Forecasts indicate an impending shortfall in gas market supply in winter 2024. This anticipation is further heightened by the timing and uncertainty of new supply sources such as Narrabri and Beetaloo. While holding both resource and potential, a volatile regulatory and fiscal backdrop and environmental activism has led to more delays in their commercialisation.

But for smaller E&P players, slowing momentum behind the bigger projects opens the door for more nimble players to get their gas into the market. And this is exactly what we are seeing – companies like Comet Ridge, Denison Gas, Elixir Energy and others are trying new approaches in gas-rich plays to meet demand. Whether its exploring deeper gas plays in the Surat, or partnering with pipeline companies to unlock long-stranded resources, we are seeing a sector bring innovative ideas into play to create value.

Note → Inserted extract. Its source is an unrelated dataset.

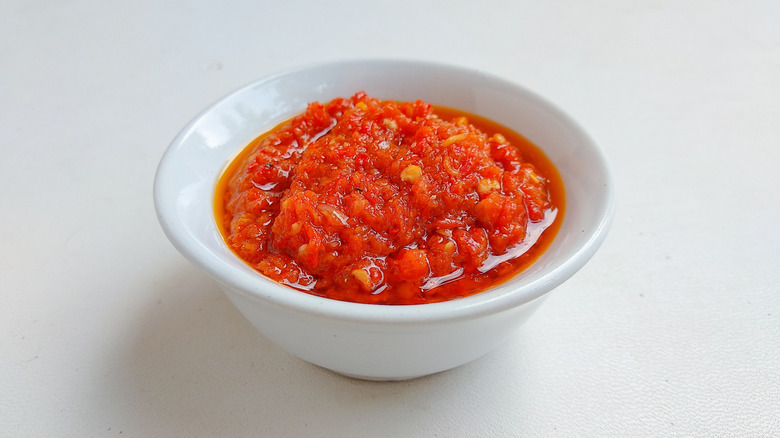 chili paste white background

Regulatory and fiscal uncertainty

However, while demand dynamics are strong, complex regulatory frameworks and fiscal uncertainty has thrown significant hurdles into the path of timely project development, impacting returns. This challenging domestic environment has in turn catalysed an alternative avenue for new supply - LNG regasification terminals. Expectations are ripe for the first terminal to become operational, potentially by the winter of 2025.

The longer-term transformation in supply dynamics is evident, with a decline in volumes from traditional sources like the Gippsland and Otway basins and the emergence of the Bowen-Surat basins as the future powerhouse, expected to supply approximately 70% of gas volumes by 2030. This transition underscores the changing landscape of the East Coast gas market, paving the way for a strategic realignment in the energy sector.

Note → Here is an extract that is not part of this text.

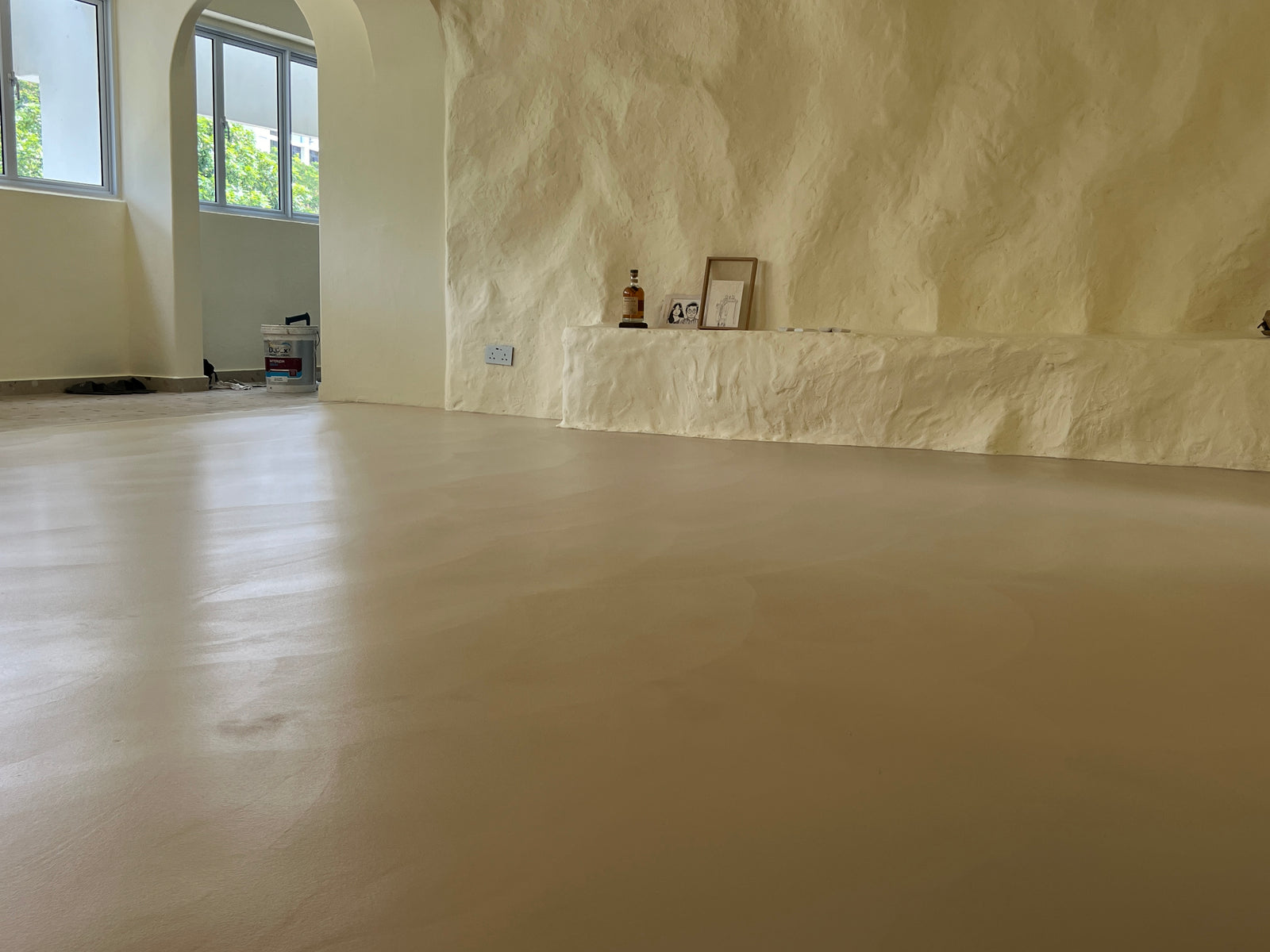 Modern living room with epoxy flooring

To plug the supply-demand gap forecasted, we see four options:

  • Development of new domestic gas supply: with Narrabri and other smaller developments already included in the forecast, outside of developing new plays such as the Taroom Trough, the only material project currently with potential to move the needle is the Beetaloo
  • Reduce demand: not within upstream industry control, and difficult to achieve dramatic reductions in the near-term.
  • Diversion of LNG feedgas: already regulated under the Australian Domestic Gas Security Mechanism (ADGSM), this is one of the many regulatory changes that have caused great concern to industry and investors alike.
  • LNG imports: given the limited opportunities above to ‘narrow/close the gap’, we expect LNG imports will be needed to balance the market, and forecast that LNG imports will start on a seasonal basis from the mid-2020s

Seizing the opportunity

The road ahead is not without challenges, yet it also brims with opportunities. As the East Coast gas market evolves, the message is that for exploration and production operators, there is opportunity available if you can get your gas to market and overcome the fiscal and regulatory blockers currently in place in Australia.